Los Angeles Times

Banks’ bad day drags down stocks

- Associated press

A bad day for bank stocks pulled the Dow Jones industrial average to its third straight loss Tuesday as many of the patterns that have propelled markets since the November election snapped into reverse.

The main culprit for the weakness was the financial sector, whose 2.3% drop was nearly triple that of any of the other 10 sectors that make up the Standard & Poor’s 500 index — even though Morgan Stanley joined the list of banks to report better-than-expected fourth-quarter earnings.

One reason for the losses probably was Tuesday’s drop in bond yields. Bank stocks often have been trading in the opposite direction of bond yields, and the yield on the 10-year Treasury note fell to 2.32% from 2.38%. Yields on two-year and 30year Treasurys also sank.
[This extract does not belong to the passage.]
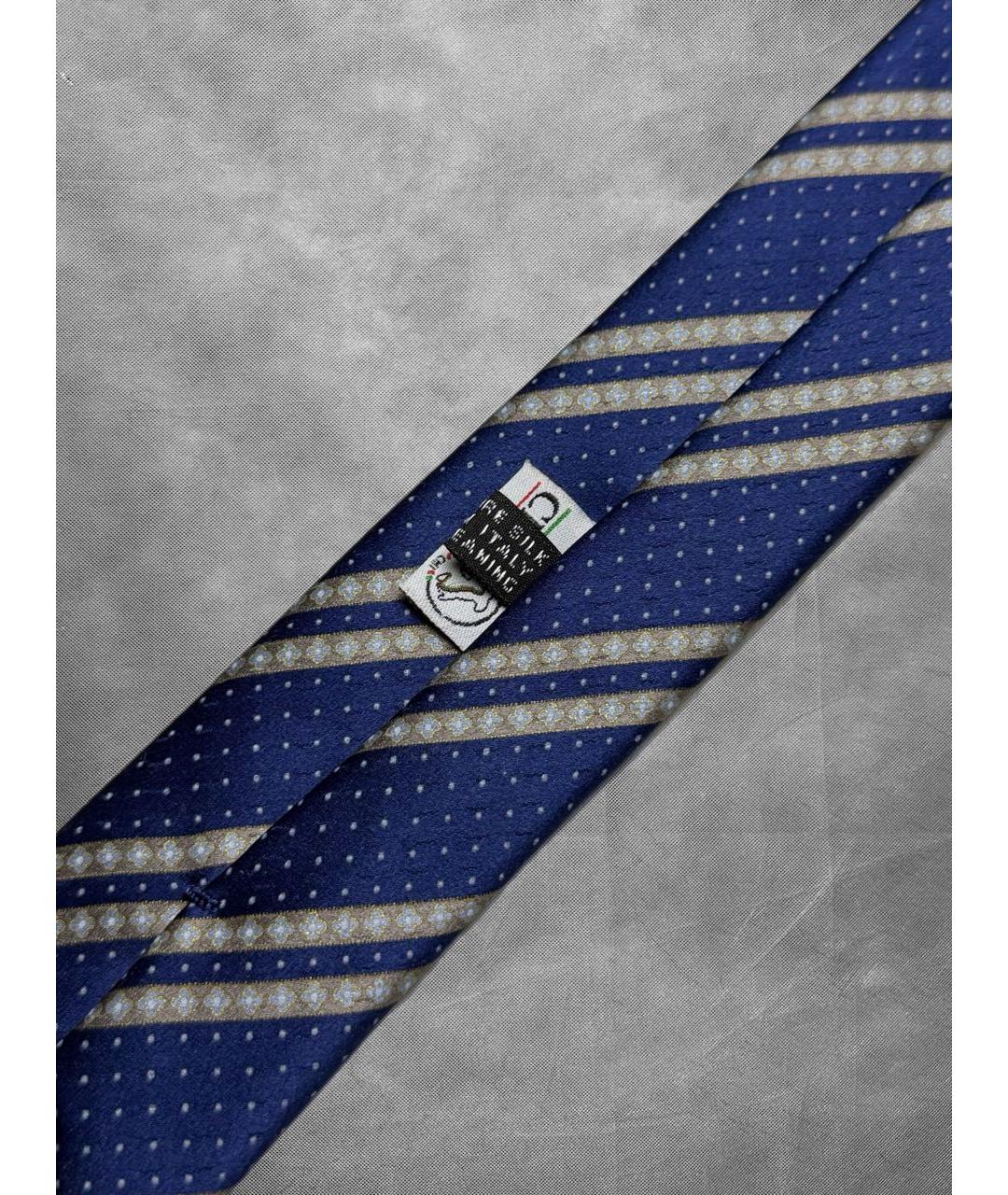 STEFANO RICCI Темно-синий шелковый галстук, фото 5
Another reason may lie in how well bank stocks had been performing in the months earlier: Financial stocks in the S&P 500 jumped 17% in the two months after the election.

“Stocks that have been strong are pulling back a little bit, and investors are putting money into some of the laggards,” said Mike Barclay of Columbia Threadneed­le Investment­s.

Firms that sell everyday items to consumers had the day’s biggest gains. Tobacco firm Reynolds American rose 3.1% to $57.68 after British American Tobacco said it would pay $59.64 per share in cash and stock to buy the 57.8% of Reynolds that it doesn’t already own.

Utility stocks, which have also lagged behind the overall the market since the election, did well, aided by the drop in Treasury yields. When bonds are paying less in interest, dividend-paying stocks become more attractive to investors who are seeking income.

NRG Energy rose 5.1% to $15.34 after an investment firm run by activist investor Paul Singer disclosed an ownership stake.

The biggest gain in the S&P 500 came from Noble Energy, which rose 7.1% to $40.05. The oil and gas company agreed to buy Clayton Williams Energy for $2.7 billion in stock and cash. Clayton Williams shares soared 39.7% to $145.25.

The dollar fell against most of its rivals, including the Japanese yen, the euro and the Canadian dollar. Its sharpest drop came against the British pound, which rallied after Britain’s prime minister gave a speech about the country’s pending exit from the European Union. One pound bought $1.2396, up from $1.2190 late Friday but still down more than 15% since June.

Benchmark U.S. crude oil rose 0.2% to $52.48 a barrel. Brent crude fell 0.7% to $55.47. Gold rose $16.70 to $1,212.90 per ounce. Silver rose 38 cents to $17.15 per ounce, and copper fell 1 cent to $2.63 per pound.